I'm not really in a position to decide what the TAG should continue working on, with regard to "MIME and the Web"
and a "product" specifically focused on that topic. I know we started out with this as an area of discussion with
a single TAG "product" in mind. However, in fact, there are several areas of activity which have spawned from
past work in the area, but are either outside of W3C or TAG, or well outside of the scope of a discussion on
"MIME".


a) The "HappIana" work to improve the perceptions and ease and quality of the MIME registries and the consistency
   with W3C activities

This is interesting and important work, but it is not a TAG product per se.
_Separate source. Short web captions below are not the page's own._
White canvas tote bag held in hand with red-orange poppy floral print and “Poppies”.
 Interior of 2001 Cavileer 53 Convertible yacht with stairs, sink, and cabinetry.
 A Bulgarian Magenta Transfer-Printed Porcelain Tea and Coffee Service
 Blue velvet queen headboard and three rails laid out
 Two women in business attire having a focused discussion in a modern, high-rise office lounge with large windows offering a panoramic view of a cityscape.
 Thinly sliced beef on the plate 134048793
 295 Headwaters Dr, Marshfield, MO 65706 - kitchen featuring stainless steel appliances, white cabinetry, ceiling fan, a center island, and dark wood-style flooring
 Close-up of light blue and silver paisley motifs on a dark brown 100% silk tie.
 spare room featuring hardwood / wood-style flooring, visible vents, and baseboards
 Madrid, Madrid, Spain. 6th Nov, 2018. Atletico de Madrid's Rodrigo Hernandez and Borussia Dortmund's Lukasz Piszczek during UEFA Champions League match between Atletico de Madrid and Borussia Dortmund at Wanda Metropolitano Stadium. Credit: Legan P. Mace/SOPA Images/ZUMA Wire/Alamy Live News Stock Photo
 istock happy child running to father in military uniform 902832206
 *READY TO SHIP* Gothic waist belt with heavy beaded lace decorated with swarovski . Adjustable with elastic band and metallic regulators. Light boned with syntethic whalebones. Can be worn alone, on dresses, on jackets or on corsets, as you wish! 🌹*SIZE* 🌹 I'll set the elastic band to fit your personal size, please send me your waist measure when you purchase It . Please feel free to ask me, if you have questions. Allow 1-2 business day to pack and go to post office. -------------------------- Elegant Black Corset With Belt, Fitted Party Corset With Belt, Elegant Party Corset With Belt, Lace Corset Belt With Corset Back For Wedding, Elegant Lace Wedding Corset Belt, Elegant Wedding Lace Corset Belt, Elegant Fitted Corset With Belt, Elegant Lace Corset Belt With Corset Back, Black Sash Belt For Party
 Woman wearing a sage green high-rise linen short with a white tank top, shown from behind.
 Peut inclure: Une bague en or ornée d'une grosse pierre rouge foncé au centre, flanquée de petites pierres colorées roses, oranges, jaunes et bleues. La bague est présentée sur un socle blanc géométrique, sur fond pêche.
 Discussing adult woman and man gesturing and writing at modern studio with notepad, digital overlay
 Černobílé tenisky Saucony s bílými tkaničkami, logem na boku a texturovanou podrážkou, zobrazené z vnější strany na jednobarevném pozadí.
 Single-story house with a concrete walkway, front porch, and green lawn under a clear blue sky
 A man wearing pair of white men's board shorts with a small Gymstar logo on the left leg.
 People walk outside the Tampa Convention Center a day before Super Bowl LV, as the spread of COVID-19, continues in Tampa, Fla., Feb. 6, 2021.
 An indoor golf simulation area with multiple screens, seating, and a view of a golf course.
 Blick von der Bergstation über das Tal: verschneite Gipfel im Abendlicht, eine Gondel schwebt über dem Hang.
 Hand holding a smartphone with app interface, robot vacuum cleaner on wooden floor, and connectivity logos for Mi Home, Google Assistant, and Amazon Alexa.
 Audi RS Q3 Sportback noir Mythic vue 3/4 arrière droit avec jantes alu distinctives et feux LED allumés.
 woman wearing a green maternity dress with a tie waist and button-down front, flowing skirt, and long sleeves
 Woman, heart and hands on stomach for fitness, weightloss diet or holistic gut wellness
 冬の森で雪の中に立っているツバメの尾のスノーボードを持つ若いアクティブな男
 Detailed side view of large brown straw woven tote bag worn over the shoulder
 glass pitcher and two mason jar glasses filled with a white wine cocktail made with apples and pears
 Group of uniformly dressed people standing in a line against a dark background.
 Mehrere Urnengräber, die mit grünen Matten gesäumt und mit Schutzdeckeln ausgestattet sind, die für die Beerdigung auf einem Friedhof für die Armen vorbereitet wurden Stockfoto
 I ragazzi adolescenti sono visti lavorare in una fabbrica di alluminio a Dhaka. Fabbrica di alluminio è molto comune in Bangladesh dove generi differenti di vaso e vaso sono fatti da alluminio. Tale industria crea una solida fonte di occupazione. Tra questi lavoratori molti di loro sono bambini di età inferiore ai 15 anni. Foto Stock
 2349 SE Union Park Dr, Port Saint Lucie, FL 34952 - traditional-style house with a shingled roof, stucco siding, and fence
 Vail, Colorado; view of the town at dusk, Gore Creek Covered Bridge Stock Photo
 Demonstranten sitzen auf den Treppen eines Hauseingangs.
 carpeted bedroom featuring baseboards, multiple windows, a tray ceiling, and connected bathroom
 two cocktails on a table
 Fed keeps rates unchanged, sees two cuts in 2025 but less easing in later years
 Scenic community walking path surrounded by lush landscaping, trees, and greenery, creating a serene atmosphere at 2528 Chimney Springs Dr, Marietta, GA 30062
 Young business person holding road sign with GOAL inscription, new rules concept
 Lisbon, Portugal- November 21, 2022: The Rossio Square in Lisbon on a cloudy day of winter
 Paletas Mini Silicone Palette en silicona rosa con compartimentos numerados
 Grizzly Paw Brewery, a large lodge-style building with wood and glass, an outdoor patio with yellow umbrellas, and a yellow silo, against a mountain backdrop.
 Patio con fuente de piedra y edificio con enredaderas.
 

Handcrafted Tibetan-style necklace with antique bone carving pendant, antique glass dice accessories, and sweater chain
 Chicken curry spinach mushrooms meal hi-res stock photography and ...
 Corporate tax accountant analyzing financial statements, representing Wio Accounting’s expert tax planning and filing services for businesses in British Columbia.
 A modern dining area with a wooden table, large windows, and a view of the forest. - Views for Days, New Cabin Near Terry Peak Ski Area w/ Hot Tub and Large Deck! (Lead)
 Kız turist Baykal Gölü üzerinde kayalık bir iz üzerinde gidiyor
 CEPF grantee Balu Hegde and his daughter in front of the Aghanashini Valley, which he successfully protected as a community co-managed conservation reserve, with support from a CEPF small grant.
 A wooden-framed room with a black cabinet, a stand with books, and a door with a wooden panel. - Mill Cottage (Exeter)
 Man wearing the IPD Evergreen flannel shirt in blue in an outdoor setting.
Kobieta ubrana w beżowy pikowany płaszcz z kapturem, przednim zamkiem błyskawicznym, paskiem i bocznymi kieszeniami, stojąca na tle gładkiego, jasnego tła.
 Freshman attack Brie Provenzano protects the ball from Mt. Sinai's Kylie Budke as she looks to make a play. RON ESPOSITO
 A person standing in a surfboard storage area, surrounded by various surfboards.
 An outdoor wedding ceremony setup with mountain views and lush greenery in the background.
Related, but also not particularly
TAG work, is to get W3C groups to register types and change W3C processes around type registration. 
Again, though, this seems unlikely to be TAG work.

b) A discussion about registries in general, when to use them, when to use URLs, and its relationship to
  persistent identifiers and a definition of persistence.

This is an interesting topic but its scope is way beyond anything specific to MIME. I think Jenni has expressed some
Interest in pursuing this topic.

c) an interesting note that a Media Type label like "text/html" or "image/gif" is in fact a persistent identifier
  of *something* (a language), and the questions about persistence for such things depends on having a clear
  model of what it means to talk about the "same" language in the face of evolution, forking, subsetting,
  overlaps like polyglot, etc.

This might be interesting to the TAG, but it's abstract, and Jonathan has been the only TAG member so far
to really get into the topic to add something to it.

My latest thought is I should recast the work that I've done as a paper for the Philosophy and the Web
Workshop in April.

I'm not sure there's any other activity that needs to be done in the TAG, that the TAG could contribute
any more too, or that there's anyone else interested in discussing here.

So my proposal (in lieu of any counter-proposals) is: the TAG should declare victory (as we did with the 
HTML5 review) and close the "MIME and the Web" product.